- RECORDS FOR THE EXERCISE:

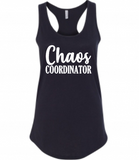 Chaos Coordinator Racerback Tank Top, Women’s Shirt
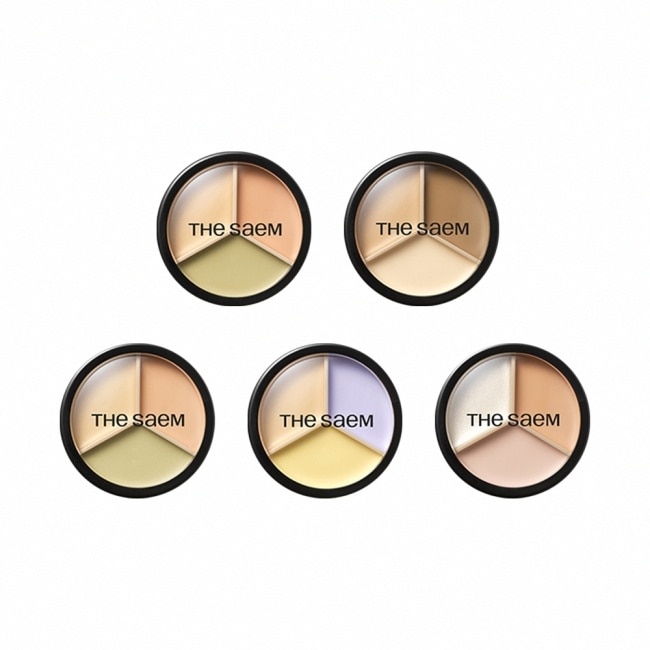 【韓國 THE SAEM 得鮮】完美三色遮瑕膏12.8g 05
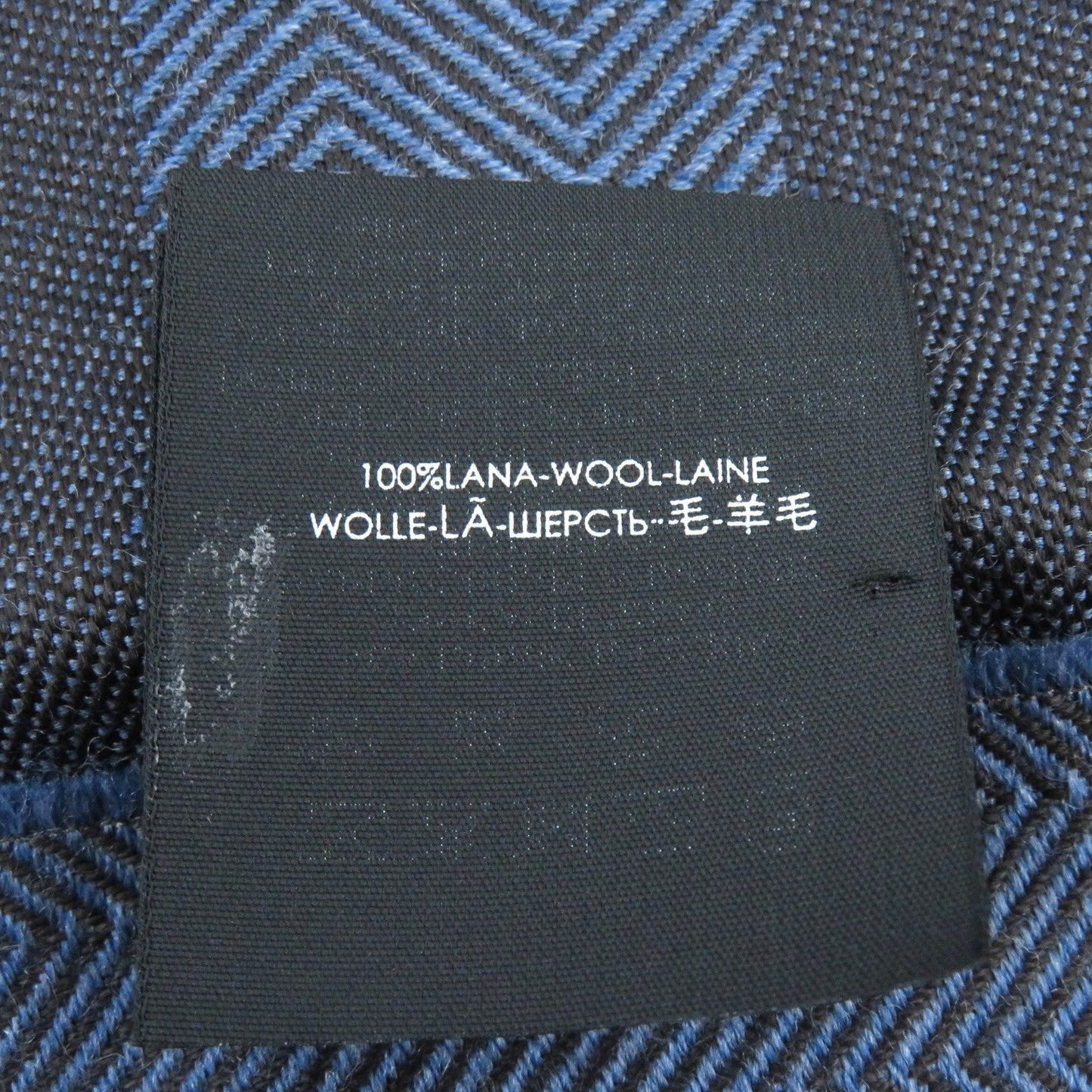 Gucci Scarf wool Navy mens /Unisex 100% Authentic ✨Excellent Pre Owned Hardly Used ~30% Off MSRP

* * *

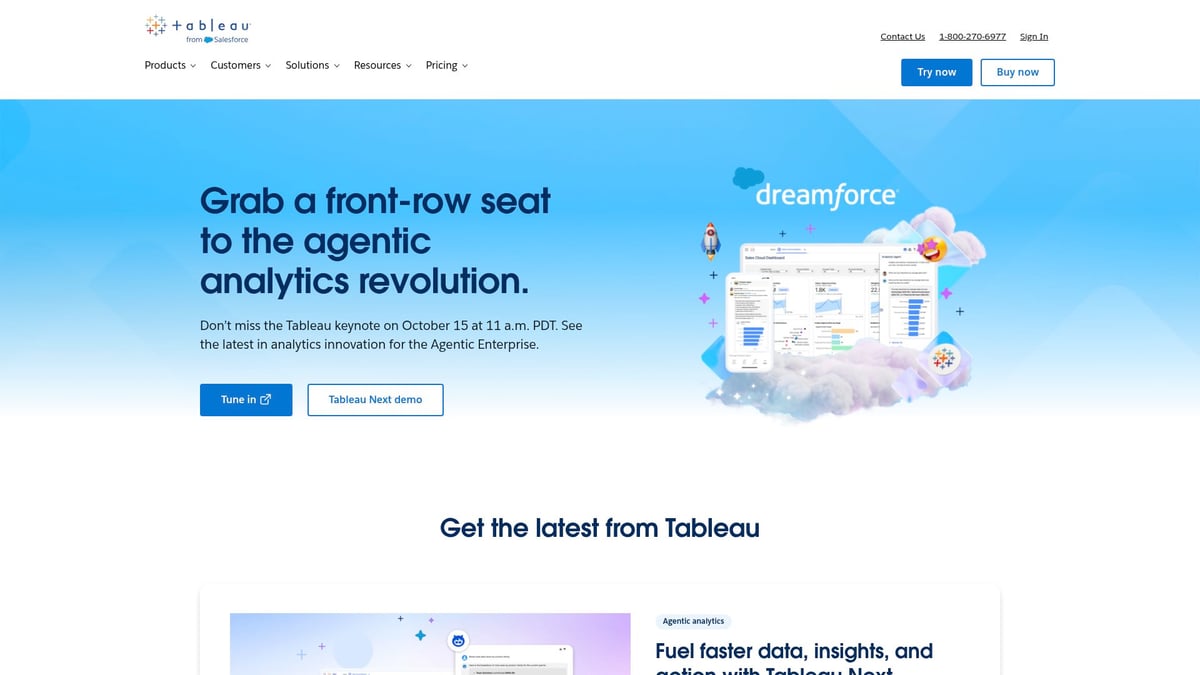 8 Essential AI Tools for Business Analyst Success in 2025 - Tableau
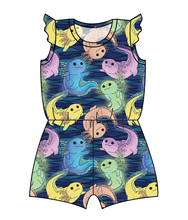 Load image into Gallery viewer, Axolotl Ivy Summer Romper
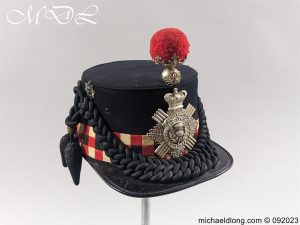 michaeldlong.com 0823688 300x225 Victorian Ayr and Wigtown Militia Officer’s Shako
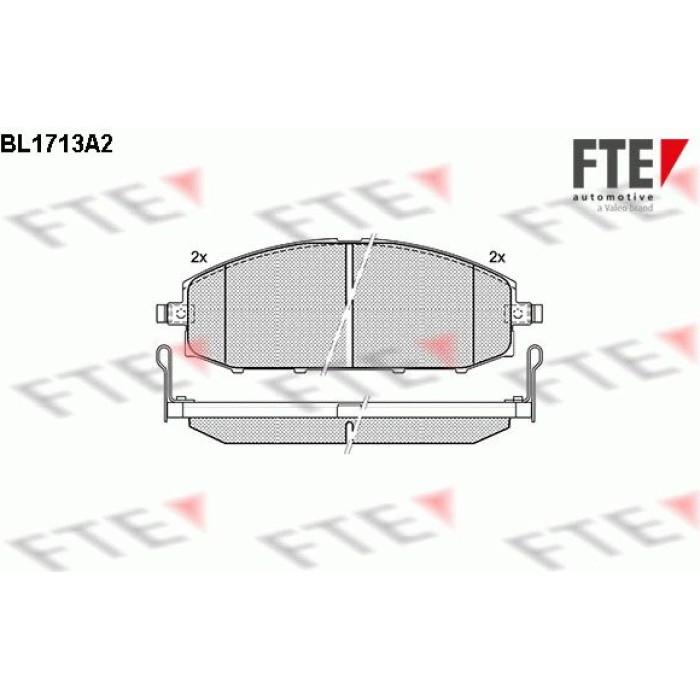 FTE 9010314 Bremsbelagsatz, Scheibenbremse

- REQUIRED WORK: Start at the line above containing "8 Essential AI" and stop at the line containing "FTE 9010314 Bremsbelagsatz, Scheibenbremse": print those lines and everything between them exactly, but not the pictures.

- ANSWER BOX:
 8 Essential AI Tools for Business Analyst Success in 2025 - Tableau
 Load image into Gallery viewer, Axolotl Ivy Summer Romper
 michaeldlong.com 0823688 300x225 Victorian Ayr and Wigtown Militia Officer’s Shako
 FTE 9010314 Bremsbelagsatz, Scheibenbremse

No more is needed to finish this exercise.